Effective fuel subsidy reform

Although public discontent cannot be avoided, it can be mitigated if subsidies are removed at a time when oil prices are low, which lowers the knock-on impacts to citizens. In order to do so effectively, reform design must be done based on evidence of what works well. I present five recommendations, drawn from this policy brief, which developing country governments can use to design reform during this current window of opportunity, which low oil prices present.
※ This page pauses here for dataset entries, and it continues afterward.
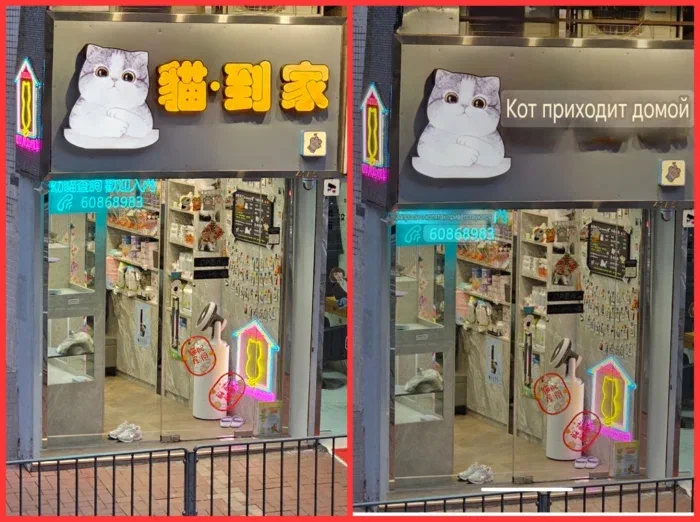 Хороший магазин - и кошек продают и всё для кошек, толковый подход.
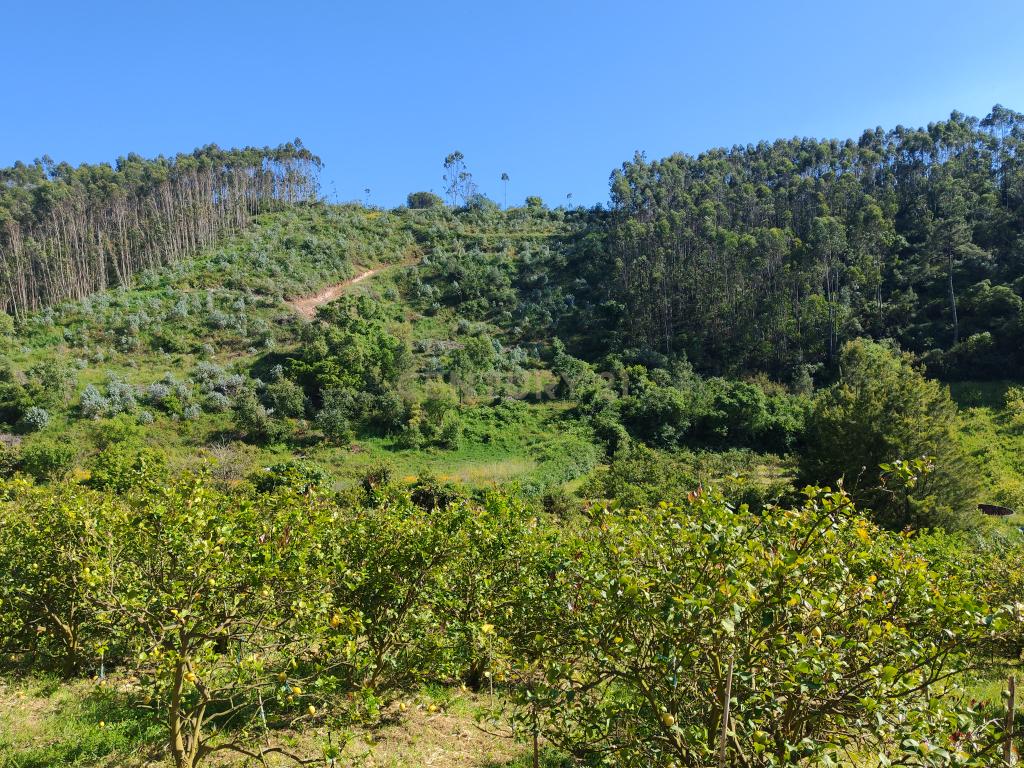 Terreno com Limoeiros | Próximo da Aldeia | Chanca - Mafra - Image 5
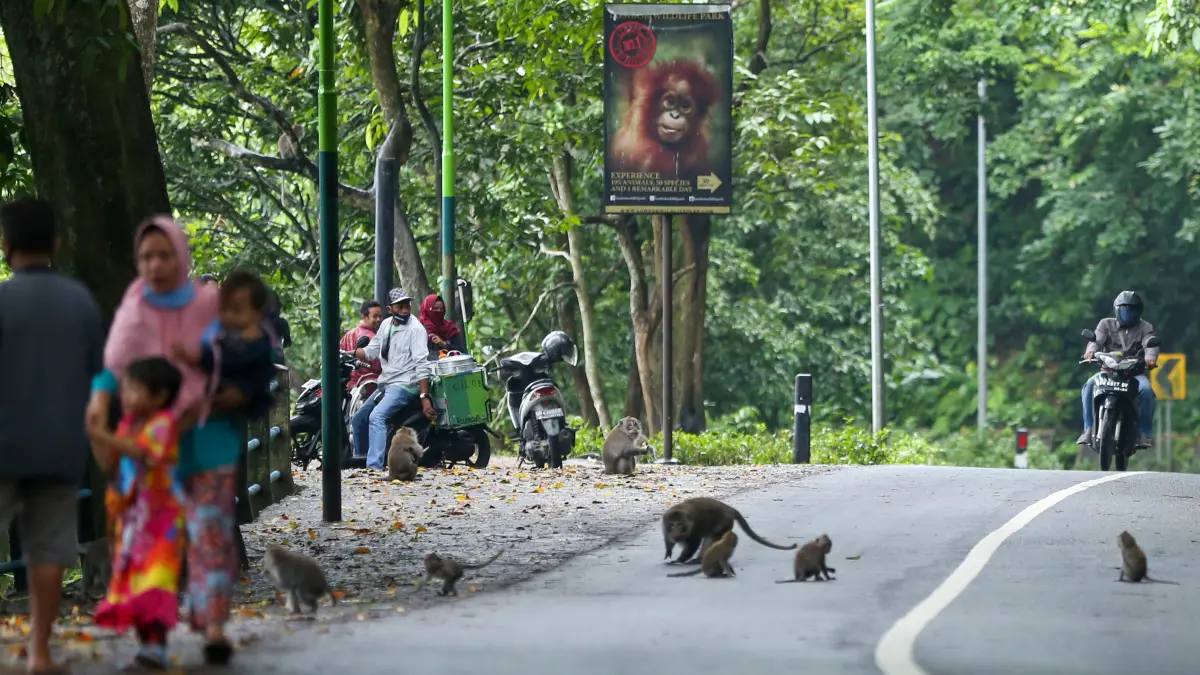 JALAN WISATA: Jalur Pusuk menjadi salah satu jalan wisata yang kerap disinggahi wisatawan. (IVAN/LOMBOK POST)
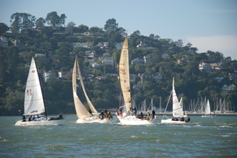 DSC_1784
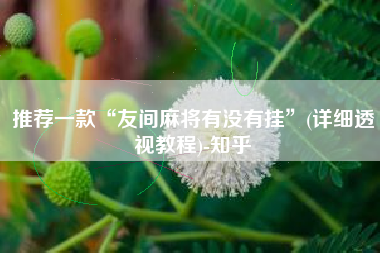 推荐一款“友间麻将有没有挂”(详细透视教程)-知乎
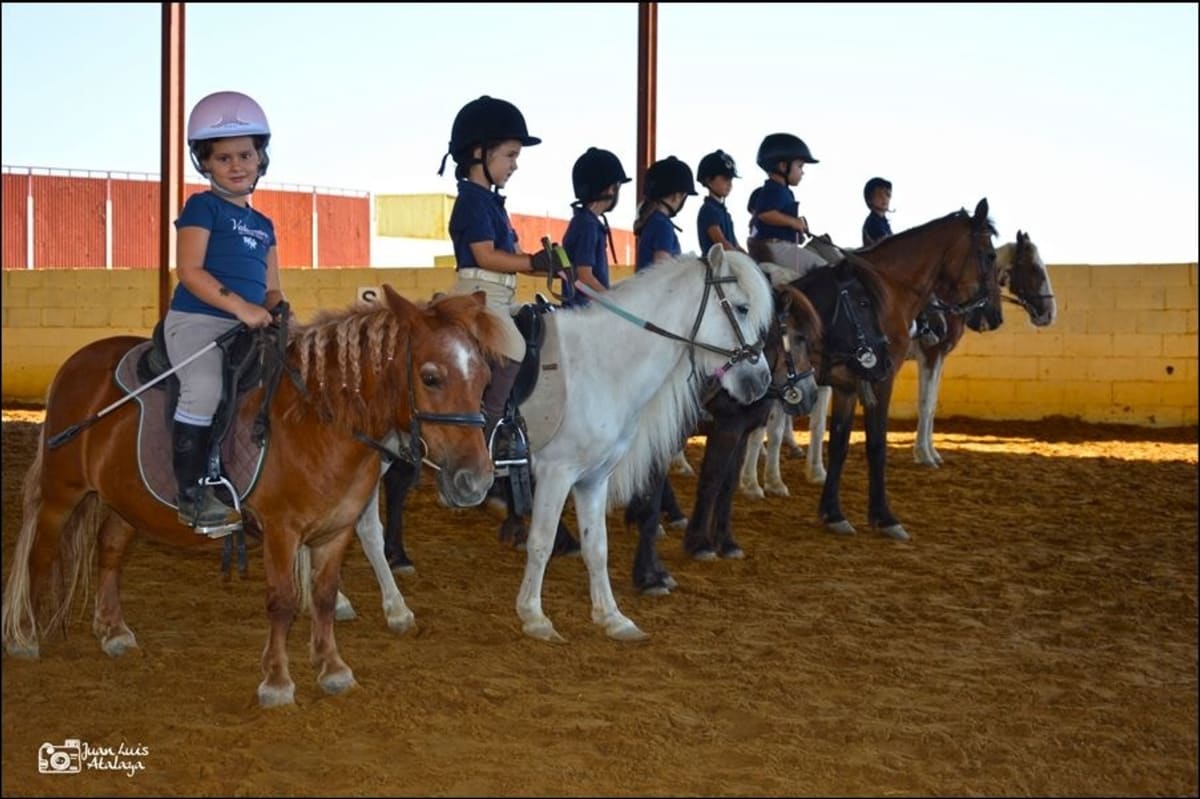 Centro de Formación Hípica Paloblanco - Hipica in Utrera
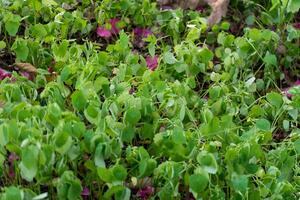 Close up of a group of green leaves, providing a textured and abstract nature background. Rich foliage textures, exotic greenery, and botanical patterns photo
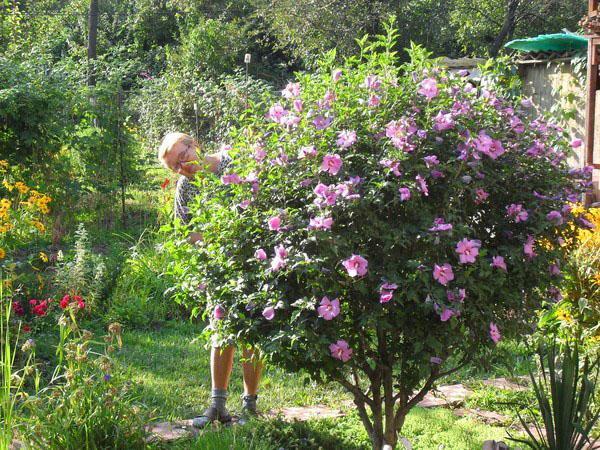 Uzgoj hibiskusa u središnjoj Rusiji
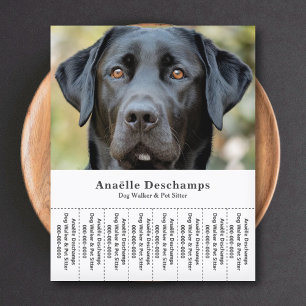 Dog Walker Pet Sitter Photo Tear Av Strips Flyer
  1. A targeted reform plan. It is necessary to have a strategic plan, which addresses the different groups in the population and obtains buy-in from the poorest as well as the middle-class and wealthiest. Subsidy reform creates the opportunity to redistribute government spending to maximise the benefits to those most in need. Therefore, an important part of the plan is to target measures to protect the poorest and most vulnerable groups. Examples of targeted redistribution include cash transfers, and health and education programmes for the most vulnerable. These should be context specific and comprise of an inclusive roadmap.
  2. Appropriately phased price increases. The current window of low oil prices offers a low risk of impact on incomes, which minimises the need for consumer adjustment. However, in some cases a phased approach or partial reform may be relevant, to mitigate extreme shocks and shield vulnerable sectors. Designing the pricing mechanism should take advantage of data and international peer reviews where possible, to boost legitimacy and add credibility.
  3. Far-reaching communication strategy. Reform should be communicated to the public with a clear message and plan. It is necessary to inform the public about the size of the subsidy and rationale behind removing it. Communicating key steps, including how the savings will be used and the benefits reform will reap for different groups and the country overall, is key to getting the general public on board. It is also important for reform to always be led domestically, with transparency and channels for scrutiny, which is maximised through effective consultation.
  4. Investing in productive sectors. Fuel subsidy reform provides immediate spending to respond to the COVID-19 crisis. Another important use of the funds is through investing in productive sectors, such as green energy, infrastructure, education, health, and utility services. This creates jobs and economic growth, as well as an enabling environment that attracts foreign direct investment, which are important for long-run recovery and resilience.
  5. Implementing transparency mechanisms. Particularly in oil-rich countries, where fuel subsidies can be a mechanism to reduce corruption, it is important to implement transparency mechanisms when using additional revenues. This can help obtain buy-in and political acceptance of the reform, while ensuring corruption is minimised and spending is efficient.

A timely opportunity

COVID-19 has placed immense pressures on developing countries to raise additional resources and improve distribution of current resources. Fuel subsidy removal is a major reform being considered by many governments and organisations, particularly where the subsidy comprises of inefficiencies, including distorted benefits, increased pollution, and costly crowding out of public spending. The current decline in oil prices presents a timely opportunity to design and implement this reform, reducing the knock-on impact to citizens, and providing the much-needed resources for immediate COVID-19 related spending and long-term investments. To do so effectively during this opportune moment, developing country governments should adopt the above principles, which are detailed more extensively in IGC’s policy brief: “Low oil prices during COVID-19 and the case for removing fuel subsidies”.

Disclaimer: The views expressed in this post are those of the authors based on their experience and on prior research and do not necessarily reflect the views of the IGC.